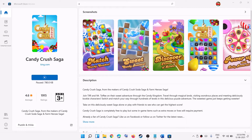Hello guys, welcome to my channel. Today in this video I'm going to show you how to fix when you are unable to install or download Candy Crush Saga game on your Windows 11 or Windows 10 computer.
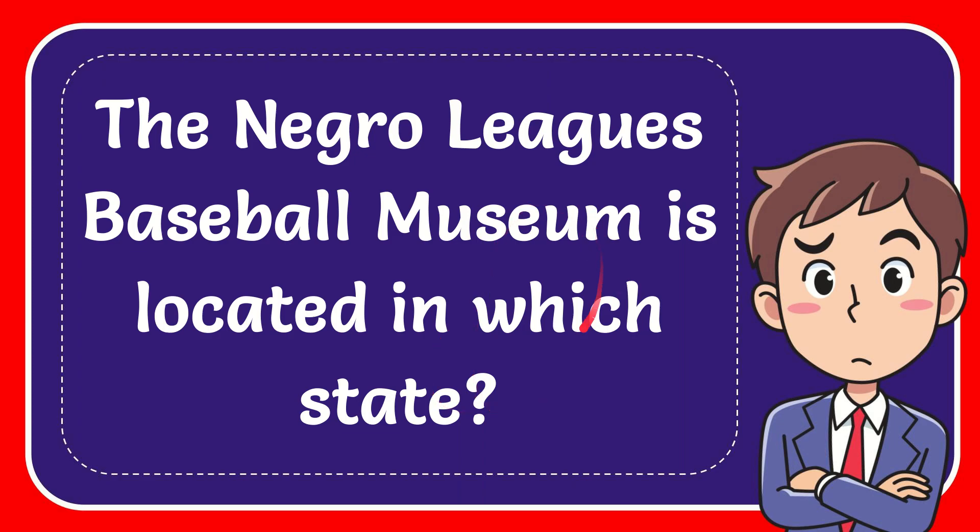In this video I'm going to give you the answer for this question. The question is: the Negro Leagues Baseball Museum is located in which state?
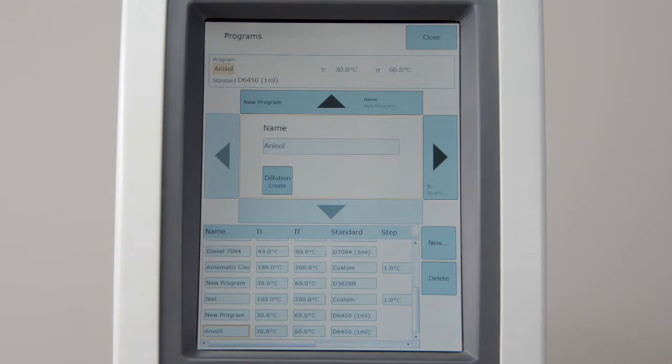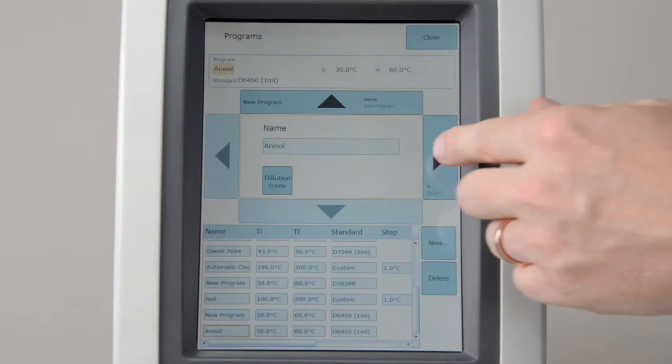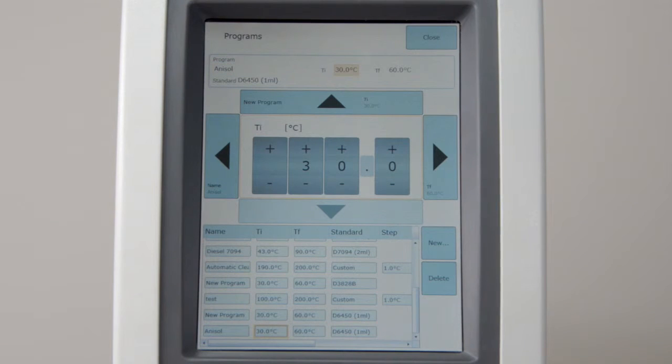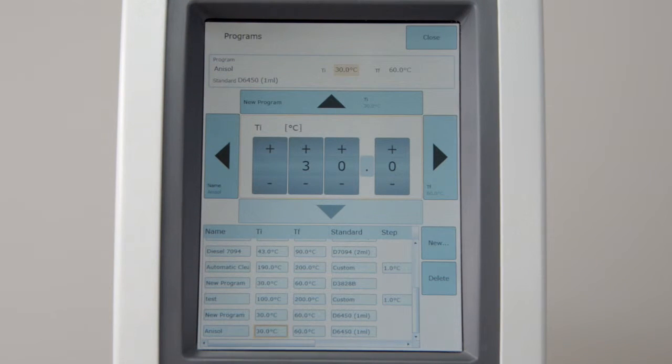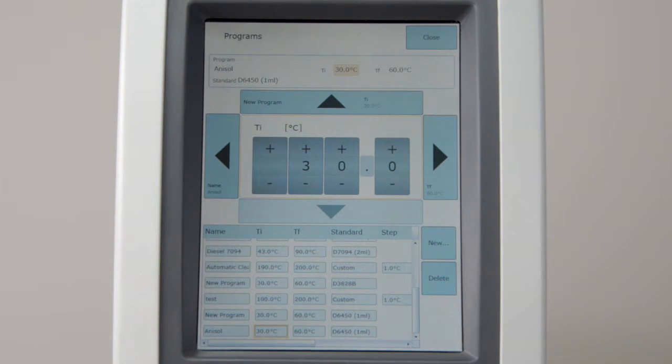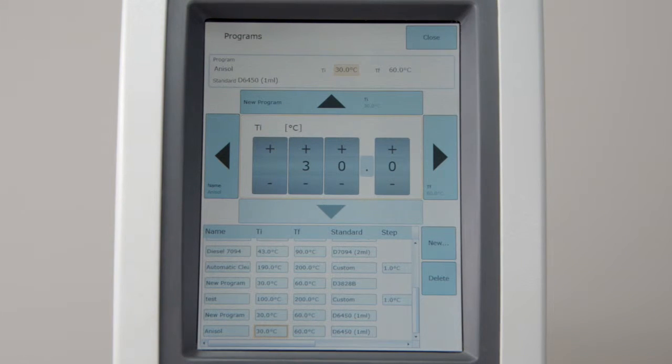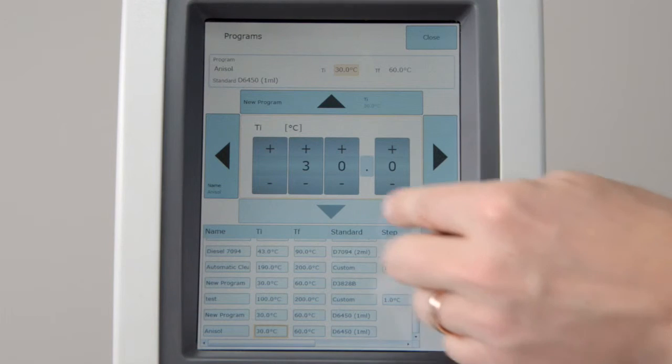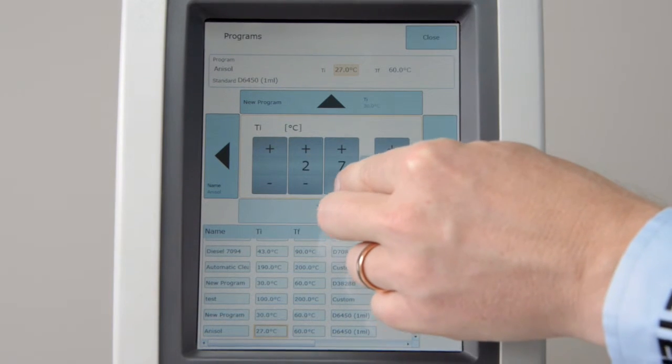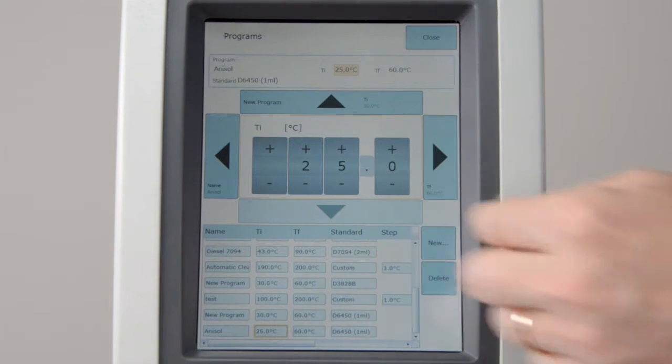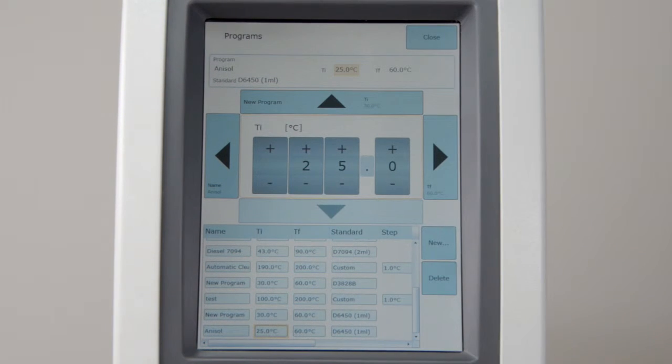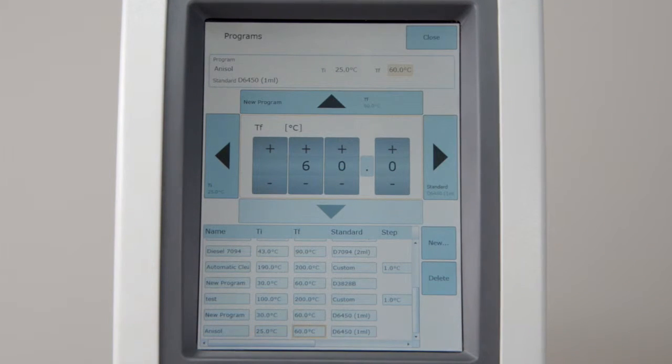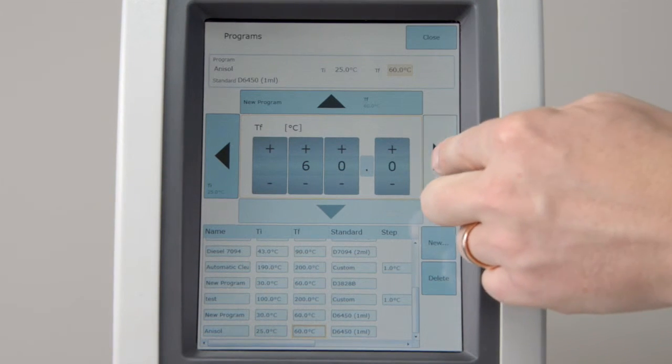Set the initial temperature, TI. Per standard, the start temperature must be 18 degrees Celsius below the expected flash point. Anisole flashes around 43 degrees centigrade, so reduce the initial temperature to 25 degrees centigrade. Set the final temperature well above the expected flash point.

--------------------------------------------------

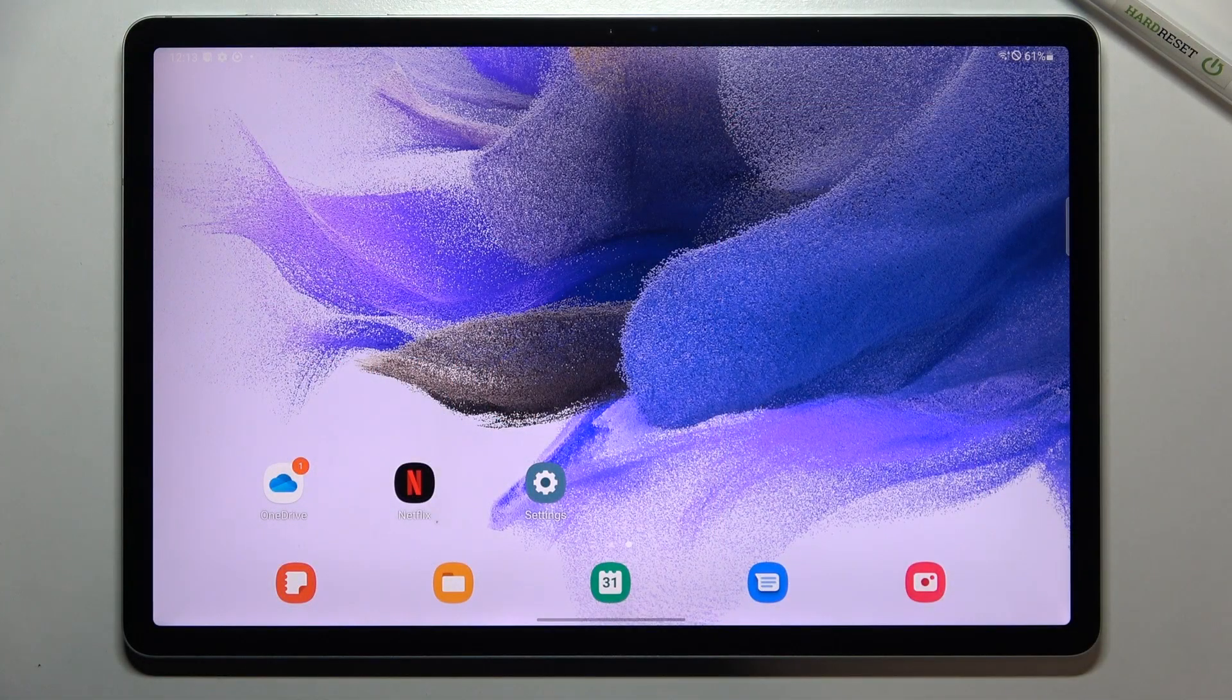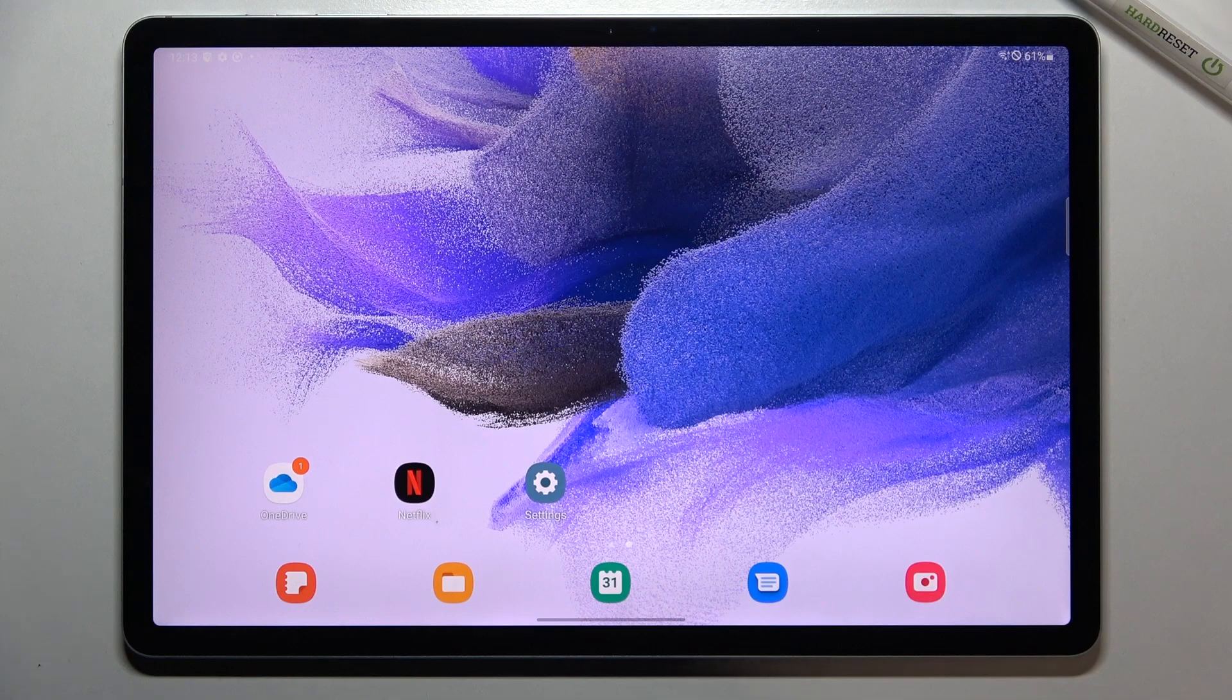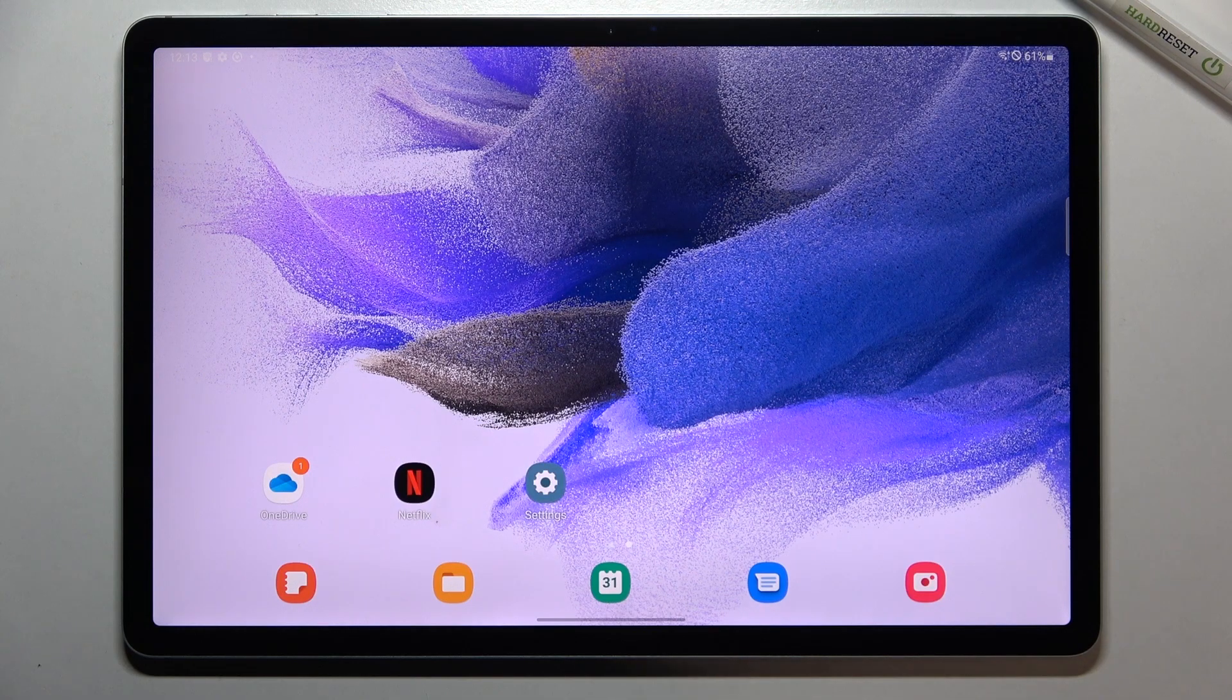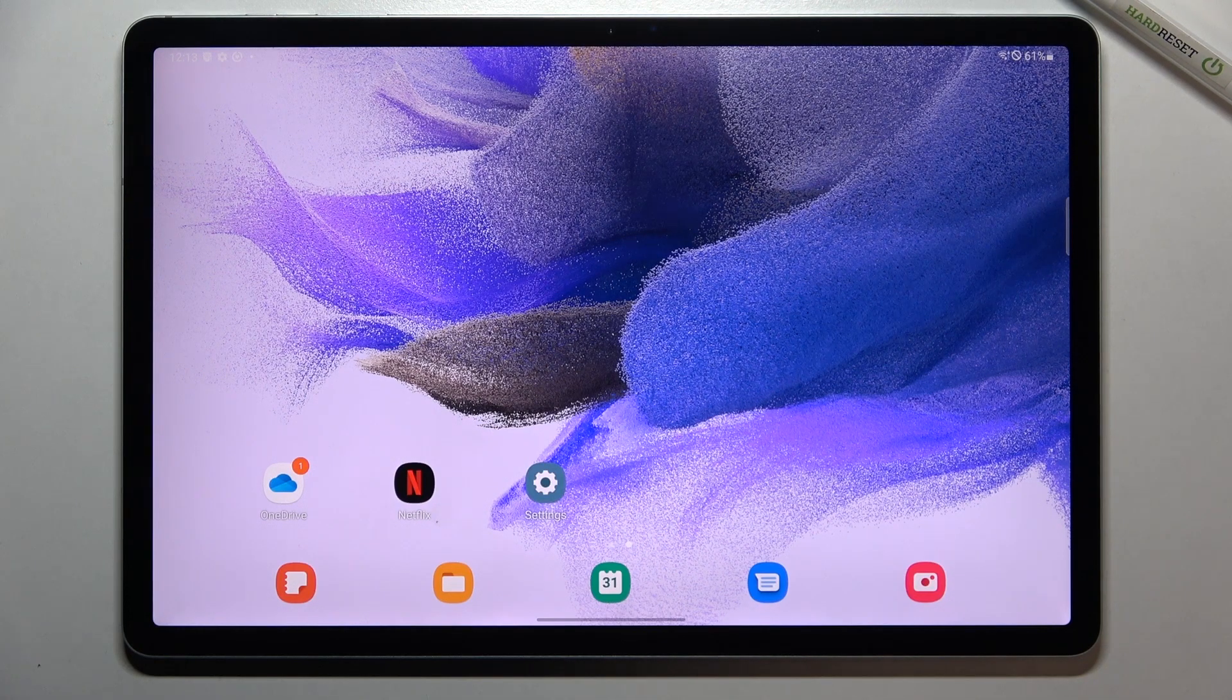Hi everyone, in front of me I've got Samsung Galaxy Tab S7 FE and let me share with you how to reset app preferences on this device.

--------------------------------------------------

**Task prompt**
In the listing above, find the line with "Hello guys, welcome" and the line with "Set the initial". Copy exactly those lines and all between them, minus the images.

**Result for this task**
Hello guys, welcome to my channel. Today in this video I'm going to show you how to fix when you are unable to install or download Candy Crush Saga game on your Windows 11 or Windows 10 computer.
In this video I'm going to give you the answer for this question. The question is: the Negro Leagues Baseball Museum is located in which state?
Set the initial temperature, TI. Per standard, the start temperature must be 18 degrees Celsius below the expected flash point. Anisole flashes around 43 degrees centigrade, so reduce the initial temperature to 25 degrees centigrade. Set the final temperature well above the expected flash point.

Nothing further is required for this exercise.